[TASK DIRECTIONS]: Whatever the listing holds, output it without alteration.

[INFORMATION SUPPLIED]:
════════════════════

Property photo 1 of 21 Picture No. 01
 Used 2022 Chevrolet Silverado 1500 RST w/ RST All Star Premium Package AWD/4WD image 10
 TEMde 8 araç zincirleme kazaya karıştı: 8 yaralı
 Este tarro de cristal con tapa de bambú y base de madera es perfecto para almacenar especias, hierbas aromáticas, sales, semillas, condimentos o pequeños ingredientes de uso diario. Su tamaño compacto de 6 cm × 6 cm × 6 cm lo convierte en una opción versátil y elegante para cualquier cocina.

════════════════════

[WORKED SOLUTION]:
Property photo 1 of 21 Picture No. 01
 Used 2022 Chevrolet Silverado 1500 RST w/ RST All Star Premium Package AWD/4WD image 10
 TEMde 8 araç zincirleme kazaya karıştı: 8 yaralı
 Este tarro de cristal con tapa de bambú y base de madera es perfecto para almacenar especias, hierbas aromáticas, sales, semillas, condimentos o pequeños ingredientes de uso diario. Su tamaño compacto de 6 cm × 6 cm × 6 cm lo convierte en una opción versátil y elegante para cualquier cocina.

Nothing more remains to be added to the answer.